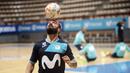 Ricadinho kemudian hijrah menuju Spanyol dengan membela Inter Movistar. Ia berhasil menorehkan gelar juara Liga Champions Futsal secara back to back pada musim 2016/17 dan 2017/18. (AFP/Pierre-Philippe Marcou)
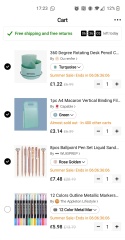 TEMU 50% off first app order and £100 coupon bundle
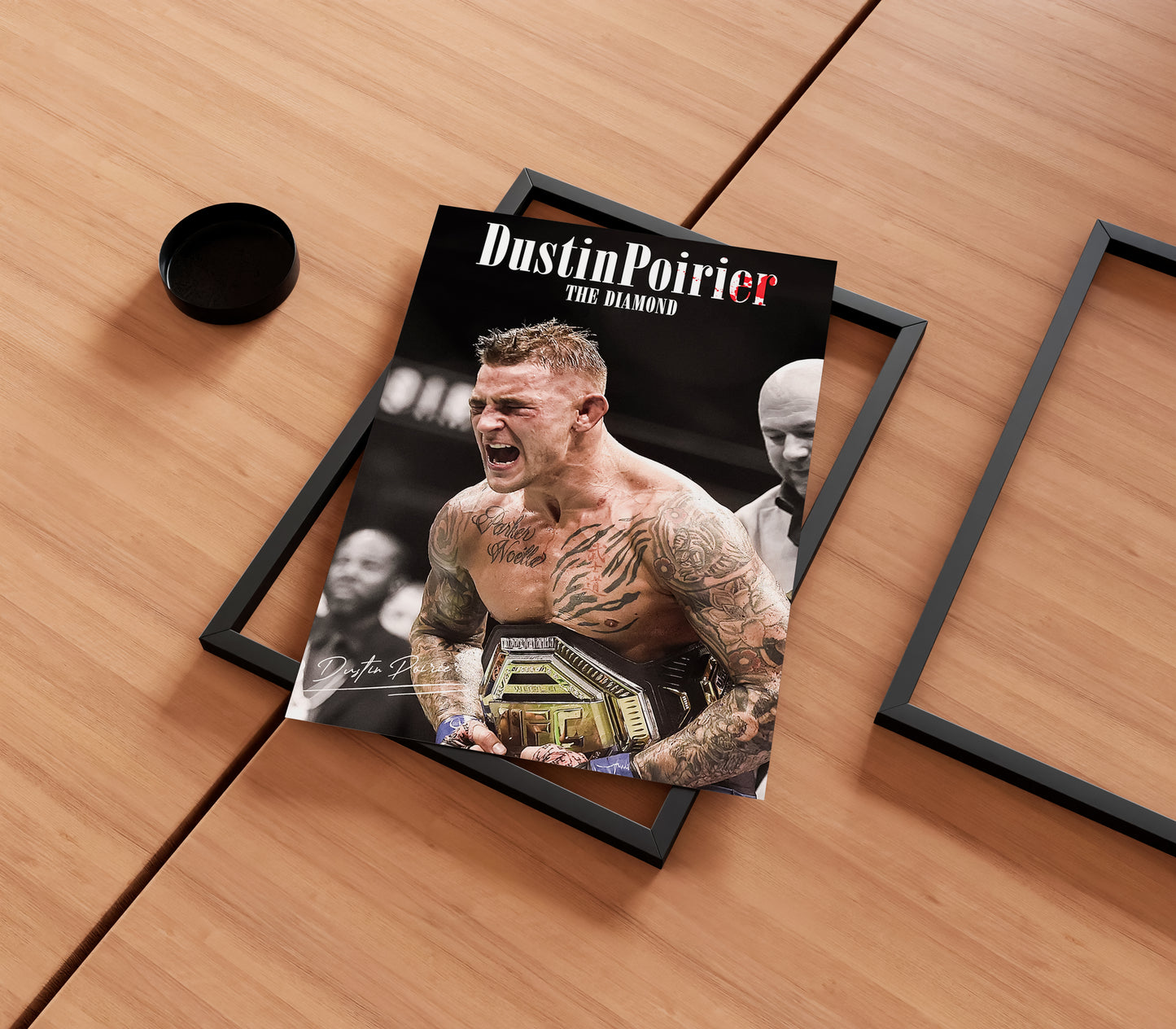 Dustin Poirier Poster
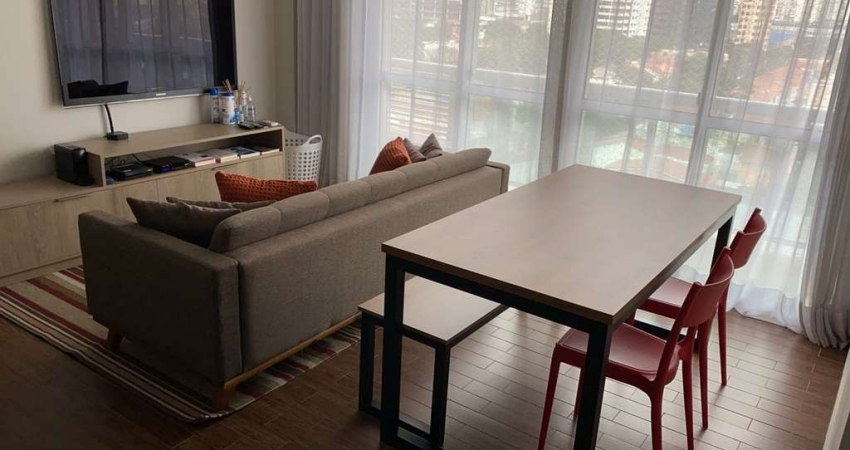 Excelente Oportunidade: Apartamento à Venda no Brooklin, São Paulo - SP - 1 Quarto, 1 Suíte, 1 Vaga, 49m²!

• **WORK REQUEST**:
Please print everything in the material exactly, apart from the pictures.

• **SOLUTION TO THIS PROBLEM**:
 Ricadinho kemudian hijrah menuju Spanyol dengan membela Inter Movistar. Ia berhasil menorehkan gelar juara Liga Champions Futsal secara back to back pada musim 2016/17 dan 2017/18. (AFP/Pierre-Philippe Marcou)
 TEMU 50% off first app order and £100 coupon bundle
 Dustin Poirier Poster
 Excelente Oportunidade: Apartamento à Venda no Brooklin, São Paulo - SP - 1 Quarto, 1 Suíte, 1 Vaga, 49m²!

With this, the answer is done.